Yesterday our family received the news that two teenagers had committed suicide here in Rogers, Minnesota. Then today I received an e-mail from a family in our church who knows the family of one of the young men. He and his family were deeply grieved by this, as you can imagine, and after praying for some time here is how I responded (I've edited out some portions of the note). I hope these few words will help you in times of grief, as well.
Dear Brother in Christ,
It’s times like this when our belief in God, and our beliefs about God, are put to the test. And for us who believe so strongly in the sovereignty of God one particular question comes to the fore: how can God be good when he has the power and the right to stop things like this but doesn’t? If I could fully and satisfactorily answer this question I would be the most famous pastor/theologian in history. I do not have a full and satisfying answer to this question, but in times like these here are the things I strive to remember:
1. God is holy to the core of his being, and therefore he is faultless in all he does and all he allows (Lev. 11:44, Is. 6:3, Jam. 1:17, 1 Pet. 1:16, 1 John 1:5, Rev. 4:8).
2. God is good to the core of his being and therefore all he does is good, even if it appears to be evil (Ps. 25:8, 34:8, 100:5, 106:1, 107:1, 118:1, 135:3, Nahum 1:7).
3. God is wise, and though we don’t understand his ways, someday we will see and understand and worship him for every single decision he has made—yes, even those who hate him will acknowledge the infinite superiority of his wisdom in every single decision (Ps. 104:24, Pr. 2:6, 3:19, 21:30, Is. 28:29).

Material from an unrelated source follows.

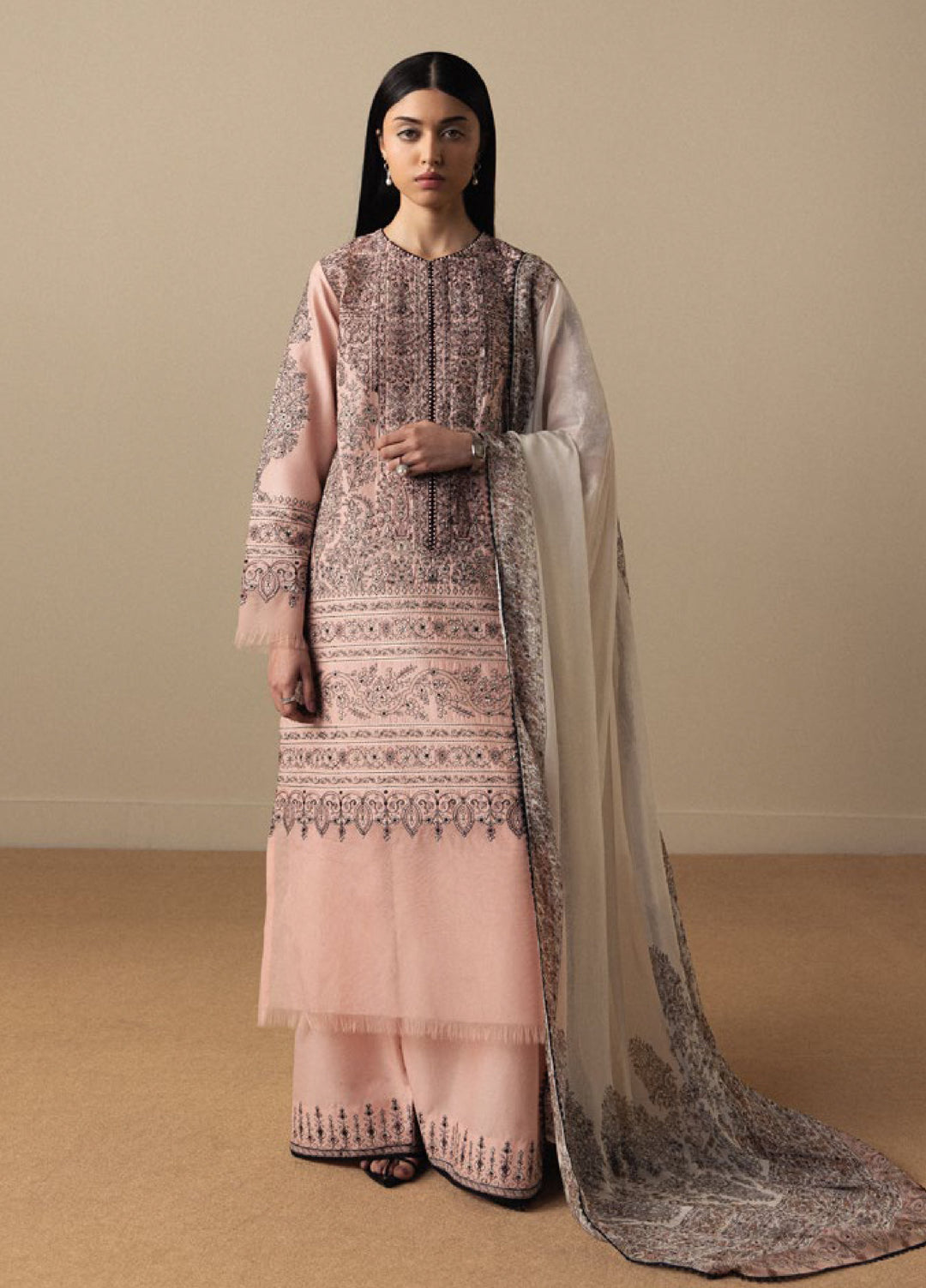 Satori by Zara Shahjahan Unstitched Embroidered Lawn 3 Piece Suit ZS26USL D-11 AKAHANA - Summer Collection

As one of my pastors used to tell me, “You can trust the heart of God when you cannot trace his hand.” You can trust the character of God when you cannot understand what he has done, or what he has allowed. Thus, my counsel to you, brother, is to read every one of these texts with your family and drive them deeply into your soul. Suffering is a kind of key that unlocks the depths of our hearts and it gives us, therefore, an opportunity to drive the truth deeper than we otherwise could. Certainly, there’s nothing wrong with grief—in fact, something would be wrong if we did not feel grief. After all, even Jesus wept at the death of Lazurus. But his grief was not a hopeless grief, and if we will allow truth to carry the day neither will our grief be hopeless (1 Thes. 4:13).
Brother, I love you and your family very much, and I hope that my words will be a help and not a hindrance. May the God of all comfort be near you (2 Cor. 1:3-7). Please let me know if there’s anything specific I can do.